Pull Requests and Other People’s Code

One of the things I've heard for years from former students - both those looking for jobs and those looking to hire is that colleges don't really do a good job preparing students for careers in tech. Sure they teach the algorithms and the theory but ther are a lot of missing pieces, particularly on the practical end. I'm certainly not advocating turning CS programs into coding schools but there are many low cost opportunities to bring practical real world best practices in to the CS classroom. I most recently wrote about unit testing and had earlier about using GitHub as an educational tool. I've been happy with the way I introduce students to Git and how we use GitHub in my classes but I've never found a smooth way to introduce Pull Requests. A pull request is basically a mechanism by which one can suggest a change to a project even if you don't own it. The project owner can then decide to merge it in or not.
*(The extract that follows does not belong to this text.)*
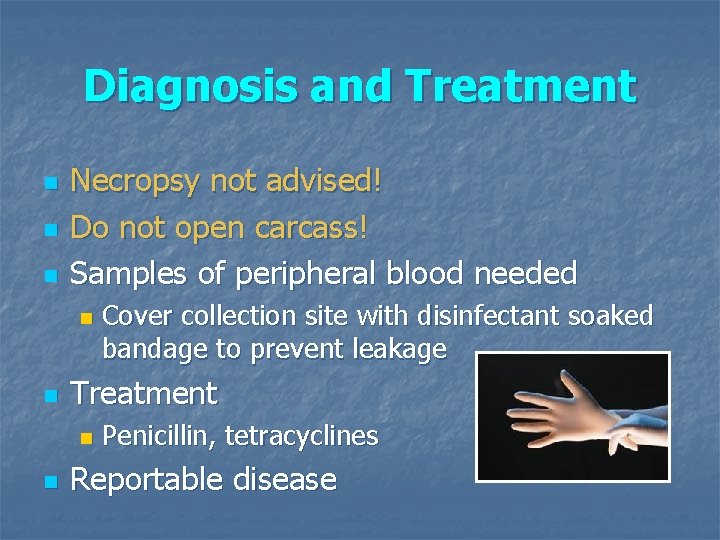 Diagnosis and Treatment n n n Necropsy not advised! Do not open carcass! Samples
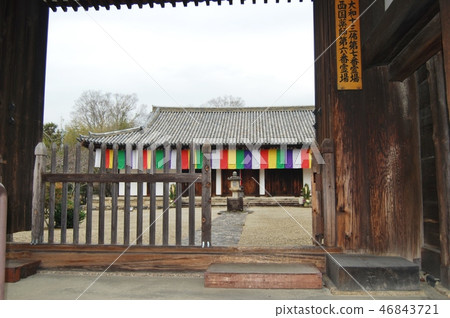 Landscape from the south gate of Shin Yakushiji Temple 46843721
Being comfortable with the pull request work flow is an important part of contributing to open source projects. The basic process is that you make a copy of the project you want to work on by forking it, make your changes, then issue a pull request back to the project. For a beginner, there are a lot of moving parts. Instead, I teach my students branching and merging within a project. It's much easier and arguably more useful for day to day projects. I'd like my kid to learn the pull request mechanics but I haden't thought of a good way to do it.
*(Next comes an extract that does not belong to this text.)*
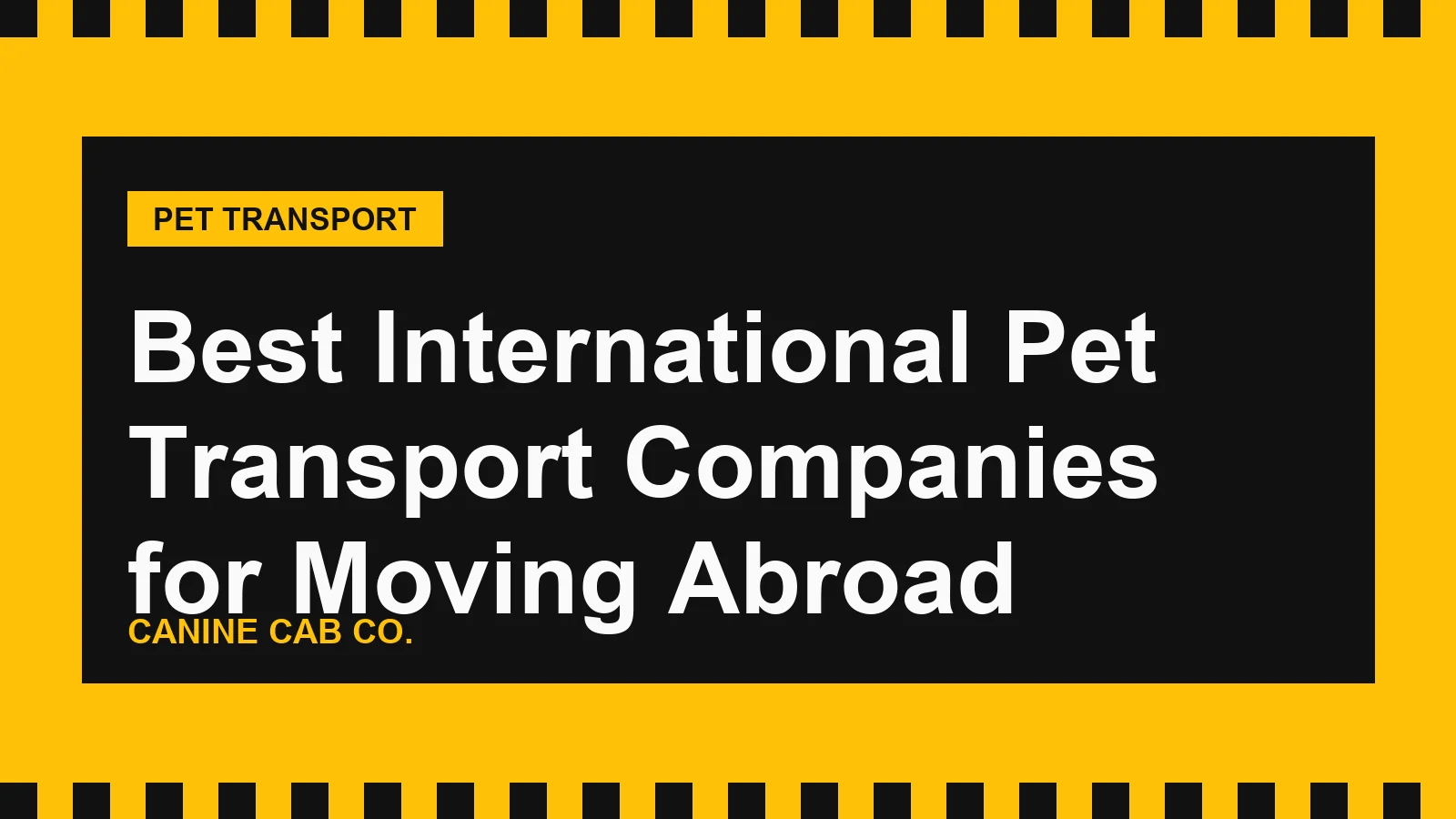Best International Pet Transport Companies for Moving Abroad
I've also wanted to give kids more real world experiences in class and one experience they rarely get is working in other people's code bases. In school you largely write your own projects be they group or solo or work off a hopefully tried and true code base provided by the instructor. In the real world you're frequently working off of someone elses code and it's rarely in a polished state.

I finally found a way to kill both birds with one stone. A couple of weeks ago my class' lab was rather lengthy. It involved reading in a source file and reformating it in a sensible way. I knew most of the students wouldn't finish it in the allotted time and even if they did, this was an easy assignment to extend. On lab day I had students create a new repo for this lab (normally they just add a folder in a their "labs" repo) and get as much done as they could. The rule was simple - push what you've got up to GitHub at the end of class and then you can't push anything else. I also made it clear that I didn't expect a completed lab..

We continued the lab in the next class session. This time. I randomly assigned repos to students so that they would fork someone elses lab. They then had to complete the lab on the other students code base and then issue a pull request back to the original

This was the first time I've tried this so it was a little klunky. I'll do a much better job specifying the assignment and instructions next time around but even so I think the class went well. By the end of the class the students had sucesfully forked a project, issued a pull request, and merged one in to their own project. The only think I wasn't happy with was that many of the merges happened automatically. I have to figure out how to set things up so that there are merge conflicts since I want my students to experience that.

Overall, I was very happy with the way things worked out. The students were able to experience important real workd software engineering techniques without removing any of the academic CS in the class.